What Nasa satellites say about Bangladesh’s climate

Nasa has declared 2023 as the year of open science. This leading space agency is making a long-term commitment to build an inclusive, open science community over the next decade. Open-source science is a commitment to the open-sharing of software, data, and knowledge (algorithms, papers, documents, ancillary information, etc) in a scientific process. The principles of open-source science are aimed at making publicly funded scientific research transparent, inclusive, accessible, and reproducible. To this end, Nasa recently took an open-science initiative called the Earth Information System (EIS) Freshwater.

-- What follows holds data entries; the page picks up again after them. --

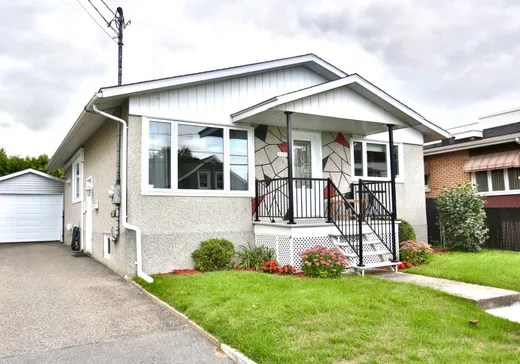 House for sale - 15345 Av. St-Luc, Saint-Hyacinthe, J2T 3C8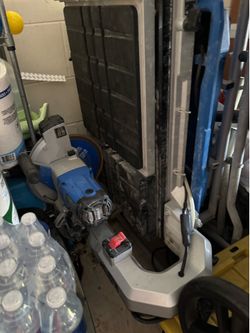 Tile machine
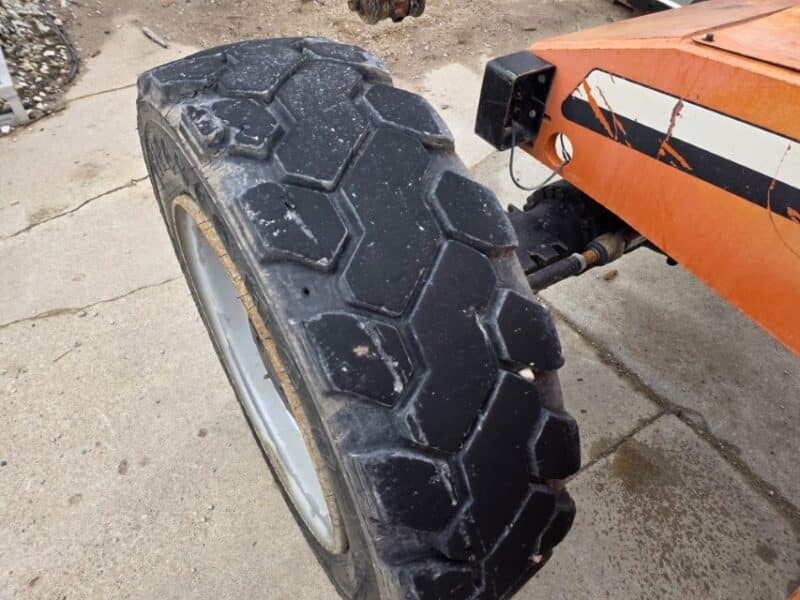 2004 Sky Trak 8042 w. 4835 Hours. with Forks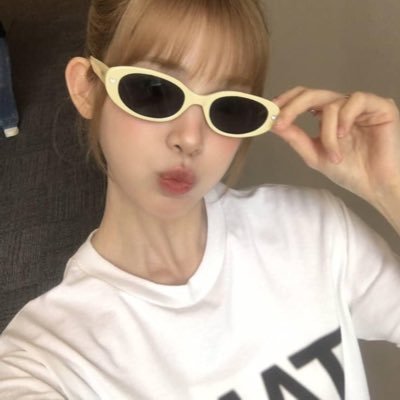 ѕєяℓуυнα | мιηg∂єℓιση 🍋's profile picture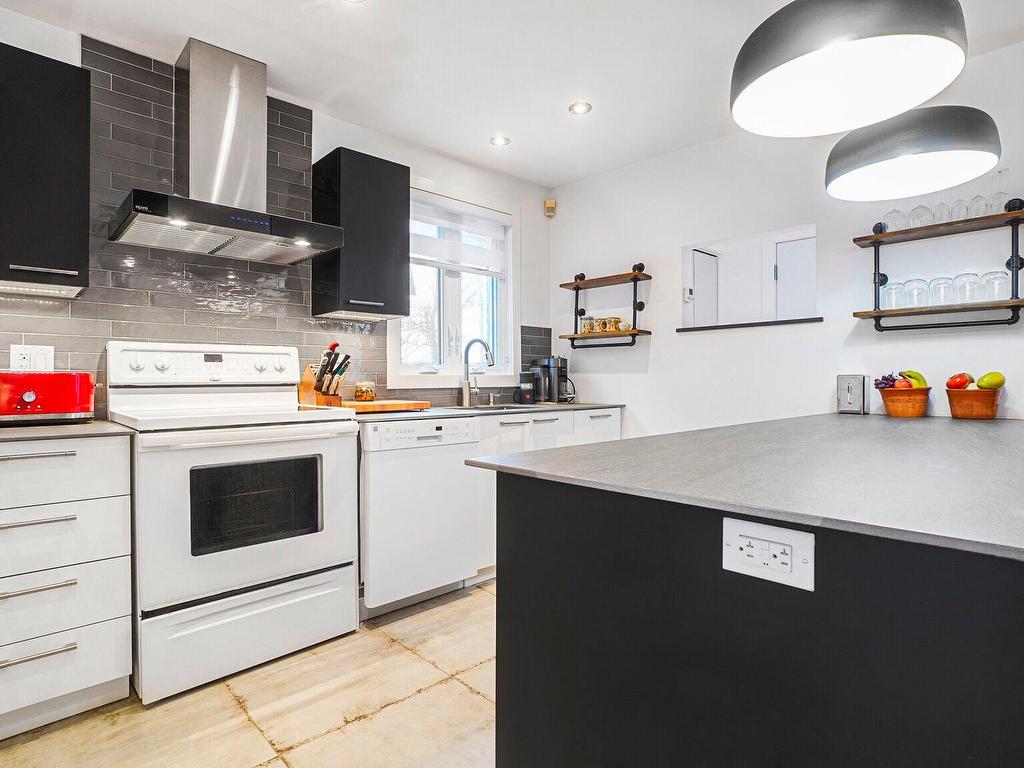 









6613


30e Avenue

,
Montréal (Rosemont/La Petite-Patrie),




QC
H1T3G5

This is a groundbreaking initiative by Nasa because of its accessibility, reproducibility of actionable Earth information backed by its best satellite information, models, and tools. The EIS Freshwater studies are focused on quantification and changes in water stored in rivers, lakes, reservoirs, and creeks and streams. Among various components of the EIS (such as wildfire hydrology, risk of flooding, water security, AI application), we started exploring the flooding impact of climate change and human activities in populous global deltas. The delta component is that we can quantify the relative changes in hydrology and freshwater availability due to climate change and human intervention using an integrated modelling framework. In the most recent phase of the EIS initiative, we started exploring the concept's applicability in the Bengal delta.